[imText1]Before arriving in South Korea after moving here from the U.S., I never imagined that my journey would involve meeting people who are fighting on the front lines of North Korea’s liberation, but that is exactly where my travels brought me on 23 February 2007. It was mid-afternoon and Ha Tae-Kyoung, President of Open Radio for North Korea (ORNK) invited me into his office to discuss ORNK’s operations. Despite the smell of stale coffee, old furniture, and heater fuel, Ha Tae-Kyoung appeared un-phased and eager to explain the importance of their radio transmissions over North Korea—an operation that not too long ago, would have been considered only permissible for clandestine government organizations.
Anyone Can Broadcast
Ha explained that ORNK allows individuals, student groups, and private organizations to broadcast messages to North Korean people through shortwave radio. ORNK uses shortwave radio primarily because unlike AM and FM frequencies that are controlled by national governments and have a limited range, shortwave can be sent anywhere in the world and with little legal limitations. Ha stated that ORNK does not prepare the messages sent to North Korea; rather, you, the audience, submit the messages. Eagerly burning the midnight oil to overcome the radio censorship in North Korea, Ha and his staff, which is partly comprised of North Korean defectors, broadcast your messages over North Korea between 11 and 12pm.
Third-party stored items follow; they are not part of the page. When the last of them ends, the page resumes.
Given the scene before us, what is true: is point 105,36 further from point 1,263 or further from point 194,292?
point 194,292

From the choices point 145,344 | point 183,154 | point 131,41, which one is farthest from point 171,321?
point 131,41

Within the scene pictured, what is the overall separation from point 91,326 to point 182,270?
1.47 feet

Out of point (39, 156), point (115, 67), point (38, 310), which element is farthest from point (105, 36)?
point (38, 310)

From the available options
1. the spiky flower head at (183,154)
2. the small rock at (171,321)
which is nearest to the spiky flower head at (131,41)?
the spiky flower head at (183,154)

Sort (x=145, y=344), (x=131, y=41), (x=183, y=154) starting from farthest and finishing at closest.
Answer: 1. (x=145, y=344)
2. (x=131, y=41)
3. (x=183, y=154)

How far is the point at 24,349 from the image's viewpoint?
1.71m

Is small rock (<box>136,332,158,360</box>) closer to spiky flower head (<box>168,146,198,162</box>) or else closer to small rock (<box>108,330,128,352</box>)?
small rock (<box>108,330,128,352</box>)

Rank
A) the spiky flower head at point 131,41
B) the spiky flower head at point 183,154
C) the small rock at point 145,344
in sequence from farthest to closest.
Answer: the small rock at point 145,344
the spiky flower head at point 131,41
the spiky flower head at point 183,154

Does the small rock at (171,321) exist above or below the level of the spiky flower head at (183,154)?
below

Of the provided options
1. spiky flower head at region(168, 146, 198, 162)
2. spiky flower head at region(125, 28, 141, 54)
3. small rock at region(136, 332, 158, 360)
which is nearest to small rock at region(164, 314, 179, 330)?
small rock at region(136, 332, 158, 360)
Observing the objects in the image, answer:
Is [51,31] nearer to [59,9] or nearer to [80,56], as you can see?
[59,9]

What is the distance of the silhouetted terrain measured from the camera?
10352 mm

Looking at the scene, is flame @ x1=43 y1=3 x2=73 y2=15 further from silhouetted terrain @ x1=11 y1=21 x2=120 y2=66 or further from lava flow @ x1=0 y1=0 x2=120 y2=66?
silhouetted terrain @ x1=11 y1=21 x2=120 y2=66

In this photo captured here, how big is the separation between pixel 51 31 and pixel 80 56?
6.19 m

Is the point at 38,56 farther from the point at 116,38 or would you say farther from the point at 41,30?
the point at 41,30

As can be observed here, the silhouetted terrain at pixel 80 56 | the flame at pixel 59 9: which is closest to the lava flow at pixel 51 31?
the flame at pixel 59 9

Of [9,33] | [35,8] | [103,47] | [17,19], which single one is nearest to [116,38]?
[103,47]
Shortwave Radios in North Korea
According to Ha, shortwave radios are growing in popularity in North Korea and more people are acquiring them through China for about US $5.00. Ha went on to point out that if more North Koreans owned shortwave radios, ORNK would be able to reach a larger audience and have a greater impact on North Korean human rights.
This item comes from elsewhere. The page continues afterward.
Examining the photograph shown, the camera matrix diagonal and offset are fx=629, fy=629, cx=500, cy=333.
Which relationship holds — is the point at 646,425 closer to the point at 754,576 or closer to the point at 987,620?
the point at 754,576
Ha stated that possessing a shortwave radio is against the law in North Korea; however, those caught with them usually do not serve time in prison. Before the 1980’s, a North Korean caught with a radio capable of listening to outside broadcasts could be sentenced to death. However, corruption in North Korea is too widespread for even Kim Jong-il to control. Corruption is a way of life in North Korea. Consequently, the security agents only confiscate the radios as punishment. The agents then turn around and sell them in the black market for their own personal profit. They do not record finding the radio because if they were to report its existence, they would not be able to sell them for their $5.00 value, which is a nice boost in income when considering that they earn $1.00 to $2.00 monthly salary. On the other hand, if North Korean security agents happen to catch someone listening to foreign transmissions on a radio, the lawbreaker will likely spend time in a prison camp like Yodok, one of the many Gulags (concentration camps) in North Korea.
More Listeners Needed
Ha pointed out that ORNK would be able to reach more North Korean listeners if more of them were able to afford the $5.00 radios made in China—something a private effort could facilitate by purchasing radios for smugglers returning to North Korea from China. With the number of ORNK listeners increasing, the number of defectors that report having listened to a shortwave radio transmission also increases. In one study conducted in 2001, about 2% of defectors that were hiding in China reported listening to a shortwave radio. In 2005, the Korea Press Foundation found that about 4% of defectors reported listening to a shortwave radio before making it to South Korea. In Early 2006, Lee Young Ho (pseudonym, age 33), a former North Korean, told the Daily NK that, “The number of houses listening to foreign radio around the border area reaches about five or six out of ten…I listened to Open Radio for North Korea around December 10th last year. When I heard that there had been a conference on North Korean human rights, I started to have faith.”
Liberation Requires Privatized Support
Despite the recent claim by the North Korea government that radio transmissions have no effect on North Korea, the evidence says otherwise. Open Radio for North Korea is one of many organizations that broadcast shortwave radio to North Korea. Free North Korea Radio (FNKR) is another short wave radio organization dedicated to broadcasting over North Korea. Speaking to National Public Radio, Kim Sung-min, a former North Korean military propaganda writer and employee of Free North Korea Radio stated, “We want to contribute to the downfall of the North Korean regime… Not in a forceful, violent way, but by teaching North Koreans what democracy means, so they will initiate change themselves.”
The privatized efforts of ORNK and FNKR are led by honorable men and women who are battling an information war at the front lines of liberation. They are feeding the growing demand for freedom in North Korea through the transmission of education, democracy, and liberty; they are educating North Koreans about their innate human rights. Because shortwave radio represents the only voice of hope for so many oppressed North Koreans, their future depends on the people of the free world to take action, extend their generosity and financial support, and participate in this private attempt to help North Koreans free themselves from misinformation and oppression. These shortwave radio organizations are informing North Koreans that freedom of speech is their right. ORNK provides North Koreans with hope that they too can one day join the world of the free. They are learning that freedom of speech is an innate right that when taken away, is against the good nature and order at which humans express themselves.